Burda 8987: Silk Version

As I mentioned in my most recent post, Burda 8987 is a definite keeper. Barely a week has passed and I already made a second version, this time in silk. 

I had less than a yard left of this beautiful Italian silk from Theory (purchased from Emma One Sock) and I thought the abstract design would work well with the bias cut of the pattern. I have sewn two other tops using this fabric pairing it with Butterick 5450 and Salme 150 patterns. 

To facilitate the pattern layout on this fabric, I duplicated the front pattern piece so I could lay it out as one whole piece. 

Because the main fabric was a bit sheer, I opted to fully line it with Japanese cotton voile in light ivory, also purchased from Emma One Sock. I just used the main front and back pattern pieces for the lining. That made it simpler because I was able to do away with using facing for the neckline and armhole.

Since this is such a simple pattern, I'm just summarizing a few construction notes worth remembering:

1. I did not want to use any markers on my silk fabric so to construct the bust darts, I followed my usual method for dealing with such fabrics. Details can be read in this previous post.

Using removable template for the bust dart. 

2. Because my fabrics were very lightweight, I used French seams to finish the side and shoulder seams. 
Trimming along the initial 3/8" seam for the French seam finish.
3. I constructed the main fabric and lining fabric separately, sewing the center back seams and shoulder seams separately. 

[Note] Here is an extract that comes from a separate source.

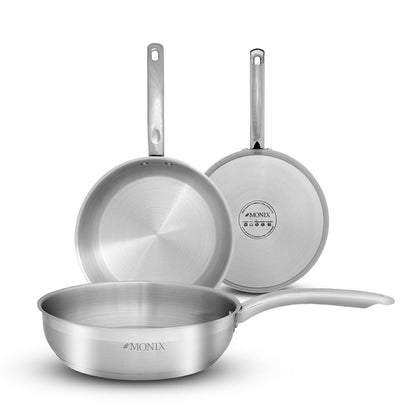 Juego de Ollas Monix Acero inoxidable Steel Master -7 pzs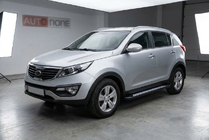 Kia Sportage 2010–2015 Side steps New Vision Black (2 stuks, aluminium) foto 1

4. To attach the lining to the main fabric, I sewed the two pieces along the neckline. To finish the seam, I just used a double layer of straight stitches and trimmed close to the edge. 

5. Instead of topstitching along the outside of the V neck, I understitched to keep the lining in place. 

6. To sew the armhole edges of main and lining fabrics together, I used the "burrito" method. This was done by aligning and sewing the armhole edges of the main and lining fabric one side at a time with the rest of the top sandwiched in between the two layers. 

7. After the neckline and armholes were constructed, it was easy enough to finish the side seams. 

8. For the bottom hem, I opted to sew a rolled hem using my serger. For the lining I just used a double narrow hem. 

My Juki MO 654DE has a built in roll hemmer. I only had to follow the rest of the instructions and didn't have to fiddle much with the tension settings at all to achieve a nice hem. 

Use only the upper looper, lower looper and right needle. 

Set the lower knife adjusting knob at 1-2. 

Turn the overlocking width selection knob to align with the red marking on the throat plate. 

Set stitch length to 1-1.5. 

One thing to remember is take note of the previous settings before adjusting everything to the roller hem settings. 

For the tension settings, I used 5 for the right needle and lower looper, 8 for the upper looper. I tested first on a small piece of main fabric scrap. 

Needless to say, this won't be the last version. Maybe for next time I might lengthen the hem to make it a tunic. 


  1. It is stunning, thanks for the inspiration

  2. Wow! I love this silk version on you! It is beautifully made, and looks great with the cardigan too.